La décision d'achat doit suivre la tolérance de la charge de travail à l'incertitude

Pour un serveur de développement facile à reconstruire, un relais temporaire ou un nœud périphérique répliqué, la petite empreinte publique de Lunar peut être un risque acceptable si le prix et l'expérience de service direct sont bons. Le client peut conserver les données faisant autorité ailleurs, automatiser le remplacement et traiter un changement d'adresse comme routinier. Dans ce cas d'usage, les détails publics manquants sont une raison de limiter l'exposition plutôt que de rejeter le service complètement.

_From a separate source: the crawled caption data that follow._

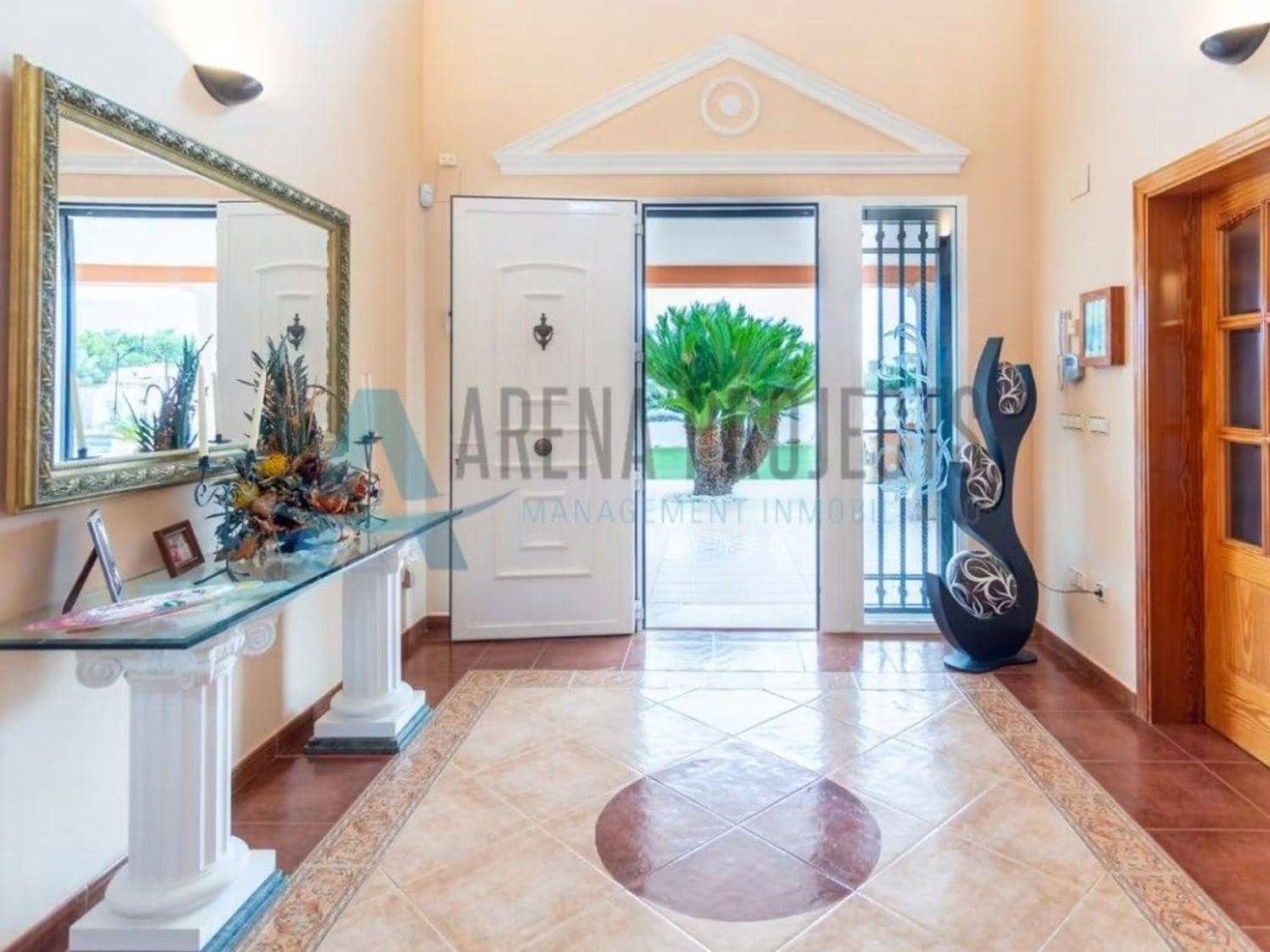 4 bedroom Villa for sale in Denia - € 749,000 (Ref: 8324850)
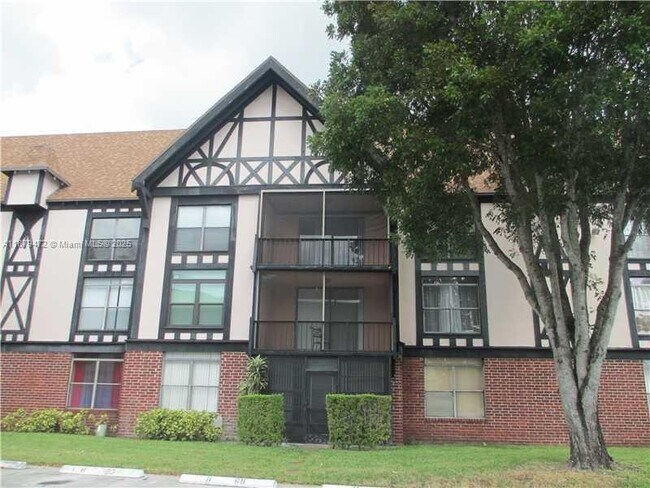 Building Photo - 3730 Inverrary Dr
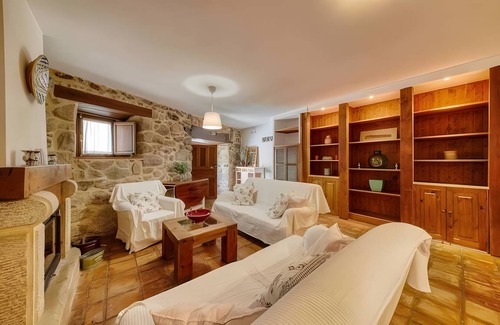 Piedralaves House | 232 m² House ∙ 5 bedrooms ∙ 12 guests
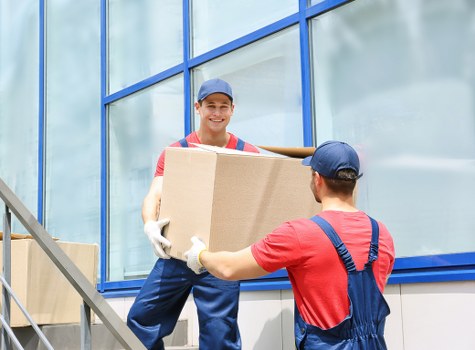 Surrey man with van service for residential and business removals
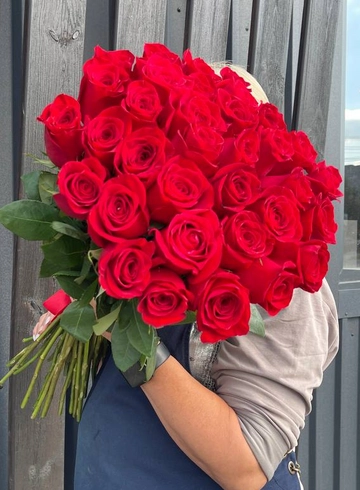 35 роз «Бордо» от интернет-магазина цветов в 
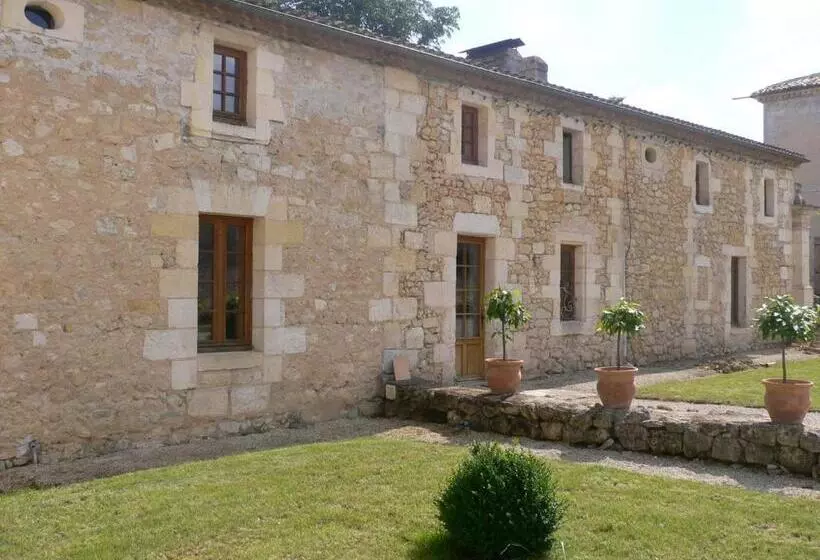 Aamiaismajoitus (B&B) Chateau De Castelneau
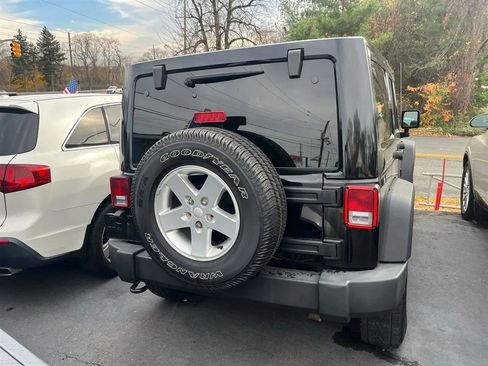 Used 2013 Jeep Wrangler Unlimited Sport image 15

Pour la seule copie de données d'entreprise, un système de production sensible à la latence, des informations personnelles réglementées ou un point de terminaison public qui ne peut pas changer rapidement, la même incertitude a un coût différent. Un seul voisin observé, une redondance de site non vérifiée, un stock de pièces de rechange inconnu et un chemin d'exportation non documenté deviennent partie du risque propre du système. Le client aurait besoin de preuves contractuelles directes et de sauvegardes indépendantes avant de se fier au service.

Les questions pertinentes sont concrètes. Quelle entité légale signe la commande? Quelle installation et quel pays contiennent les données primaires et les sauvegardes? Qui possède le serveur? Que se passe-t-il si l'hôte, le rack, la route ou le fournisseur tombe en panne? Quel chemin est vraiment indépendant? À quelle vitesse un ingénieur autorisé peut-il agir? Quel état exact peut être exporté? Combien de temps les données sont-elles conservées après suspension? Quand une restauration complète a-t-elle été effectuée pour la dernière fois et combien de temps a-t-elle pris?

Les réponses doivent être cohérentes avec le dossier public. Si un service est vendu comme localisé en Allemagne, la déclaration d'installation et de sauvegarde devrait être alignée avec le géofeed Falkenstein ou expliquer pourquoi elle ne l'est pas. Si le fournisseur revendique un transit diversifié, les observations de route actuelles devraient éventuellement montrer plus d'un voisin viable ou le fournisseur devrait expliquer la conception de veille. Si une affirmation de disponibilité dépend de multiples sites, l'architecture de service devrait identifier les domaines de panne et le comportement de réplication.

Les clients devraient également surveiller les changements. La société actuelle et l'ASN n'ont que quelques mois. Les origines d'adresses, les voisins, les destinations web et les relations fournisseurs ont déjà changé sur une courte période. Cela peut refléter une construction normale d'un jeune réseau. Cela signifie aussi qu'une évaluation faite une fois vieillira rapidement. La visibilité des routes, les autorisations, les conditions de service et la capacité d'exportation devraient être revérifiées au renouvellement et après tout déménagement annoncé.

Le jugement final est délibérément limité. LUNAR HOSTING LTD a suffisamment de preuves actuelles pour être traitée comme plus qu'une société de papier: son système autonome annonce de l'espace d'adressage globalement visible, les origines sont autorisées et des mesures secondaires voient une activité de type hébergement. Elle n'a pas encore assez de preuves publiques pour traiter la capacité offerte comme multisite, connectée indépendamment ou démontrablement récupérable.

Cet écart est le centre de l'histoire. La capacité hébergée semble abstraite seulement tant que chaque dépendance fonctionne. Une panne de rack la rend matérielle. Un retrait de route la rend transit. Un disque défaillant la rend stock de pièces. Un incident sans réponse la rend main-d'œuvre. Une résiliation de contrat fournisseur la rend droit des contrats. Une exportation non testée la rend verrouillage client. Le réseau public de Lunar est visible; la résilience derrière lui n'est pas encore assez visible.